=== TASK INPUT ===

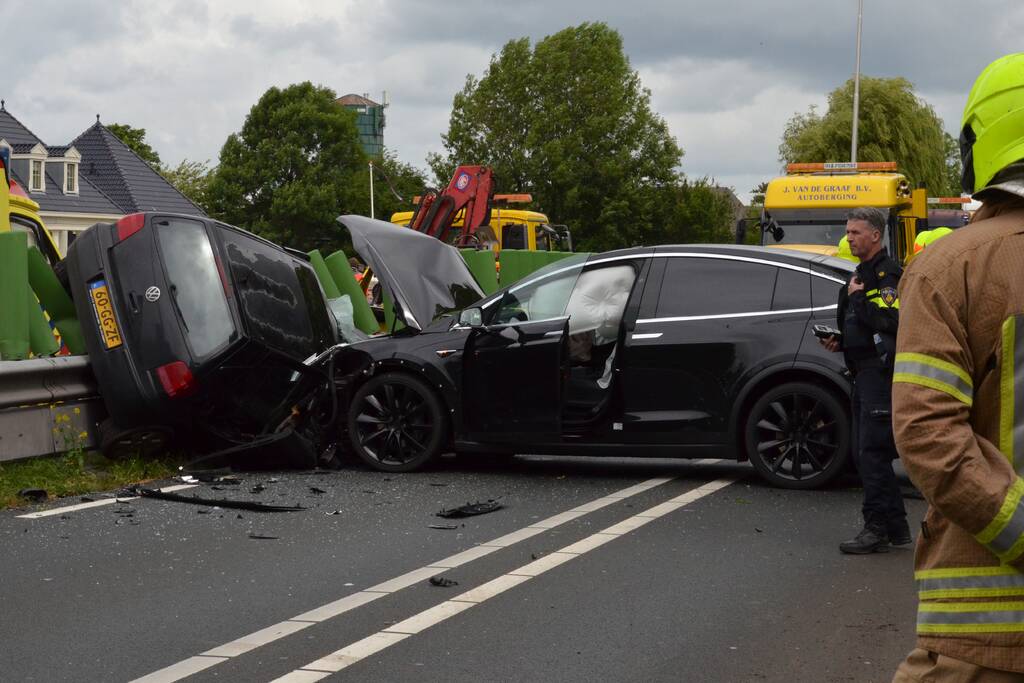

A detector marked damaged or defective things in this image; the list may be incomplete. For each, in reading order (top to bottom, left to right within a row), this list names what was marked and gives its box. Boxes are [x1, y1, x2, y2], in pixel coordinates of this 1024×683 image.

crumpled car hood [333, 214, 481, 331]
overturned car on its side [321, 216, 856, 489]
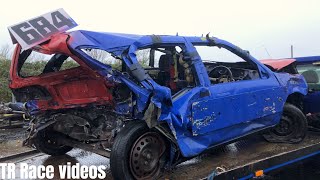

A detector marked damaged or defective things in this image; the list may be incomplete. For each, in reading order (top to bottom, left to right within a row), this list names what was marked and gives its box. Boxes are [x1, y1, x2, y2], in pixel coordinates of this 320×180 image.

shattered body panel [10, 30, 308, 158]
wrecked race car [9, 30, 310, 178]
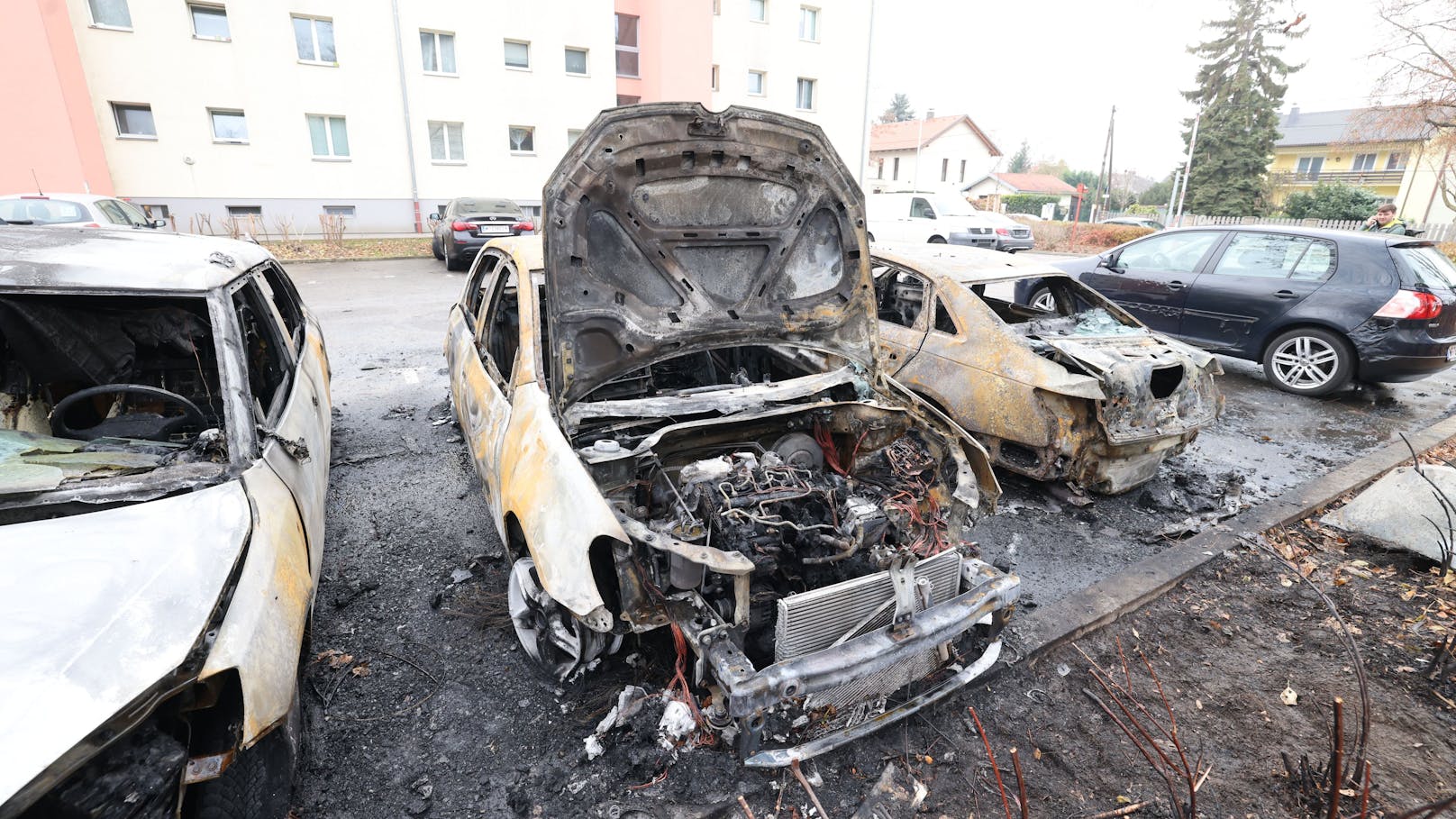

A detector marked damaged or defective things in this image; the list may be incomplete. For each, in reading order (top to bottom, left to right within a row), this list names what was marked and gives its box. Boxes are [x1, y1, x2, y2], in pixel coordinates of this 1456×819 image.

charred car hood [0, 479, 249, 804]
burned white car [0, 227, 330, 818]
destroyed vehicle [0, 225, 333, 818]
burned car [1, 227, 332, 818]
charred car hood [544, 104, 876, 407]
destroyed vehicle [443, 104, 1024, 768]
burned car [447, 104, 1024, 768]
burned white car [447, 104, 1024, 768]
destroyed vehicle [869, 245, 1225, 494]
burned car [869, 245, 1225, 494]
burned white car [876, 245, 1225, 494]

===

▶ **WHAT NEEDS TO BE DONE**: Give back, word for word, the lines from the one with "this 1456×819 image." through the last line of the entries, both included, and no other line.

▶ **ANSWER TO THIS TASK**:
A detector marked damaged or defective things in this image; the list may be incomplete. For each, in reading order (top to bottom, left to right within a row), this list names what was marked and gives its box. Boxes are [x1, y1, x2, y2], in pixel coordinates of this 1456×819 image.

charred car hood [0, 479, 249, 804]
burned white car [0, 227, 330, 818]
destroyed vehicle [0, 225, 333, 818]
burned car [1, 227, 332, 818]
charred car hood [544, 104, 876, 407]
destroyed vehicle [443, 104, 1024, 768]
burned car [447, 104, 1024, 768]
burned white car [447, 104, 1024, 768]
destroyed vehicle [869, 245, 1225, 494]
burned car [869, 245, 1225, 494]
burned white car [876, 245, 1225, 494]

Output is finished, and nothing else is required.